> Try it: Write out, exactly and in full, the line where "Lauren Ralph Lauren" appears together with all lines that follow it in the entries below. Do not include pictures.

> Records shown:
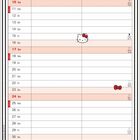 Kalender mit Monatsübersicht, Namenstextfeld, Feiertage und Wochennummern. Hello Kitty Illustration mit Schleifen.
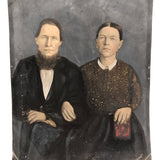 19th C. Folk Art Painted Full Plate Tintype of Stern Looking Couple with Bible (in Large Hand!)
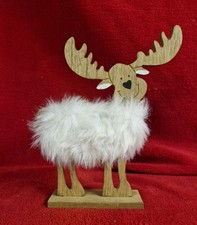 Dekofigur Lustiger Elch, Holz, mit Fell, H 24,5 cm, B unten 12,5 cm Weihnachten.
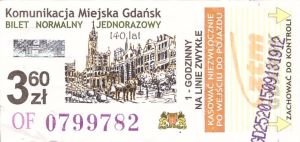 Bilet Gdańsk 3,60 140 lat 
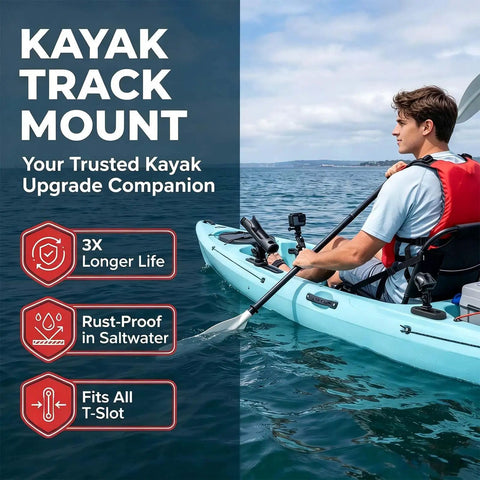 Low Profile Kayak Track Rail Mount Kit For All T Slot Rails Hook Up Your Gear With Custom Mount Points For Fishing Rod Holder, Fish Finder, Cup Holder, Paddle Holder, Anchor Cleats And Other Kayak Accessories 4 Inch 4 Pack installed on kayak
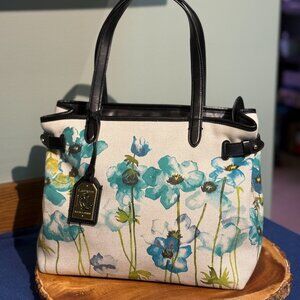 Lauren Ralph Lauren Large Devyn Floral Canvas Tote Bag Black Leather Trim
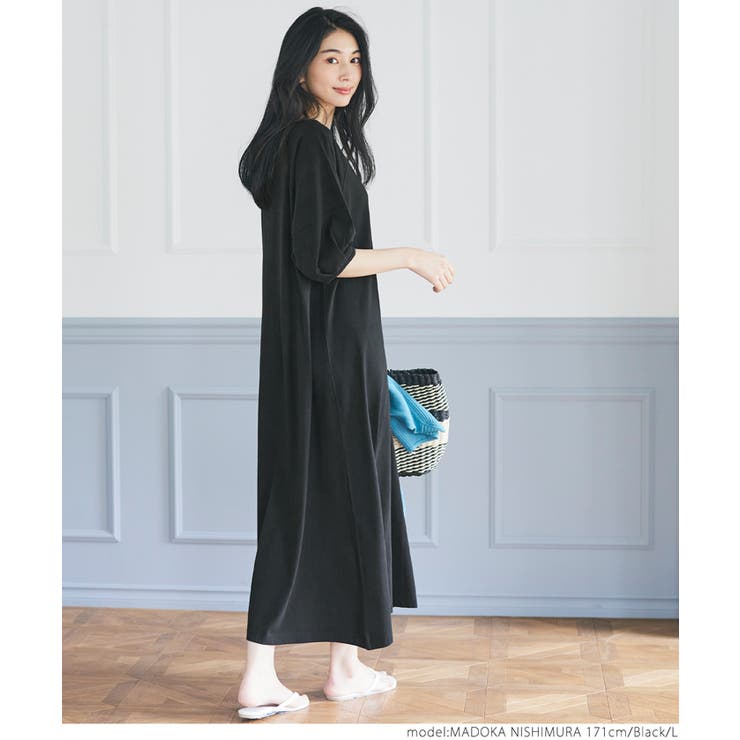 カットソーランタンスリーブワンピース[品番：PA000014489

> Reply:
 Lauren Ralph Lauren Large Devyn Floral Canvas Tote Bag Black Leather Trim
 カットソーランタンスリーブワンピース[品番：PA000014489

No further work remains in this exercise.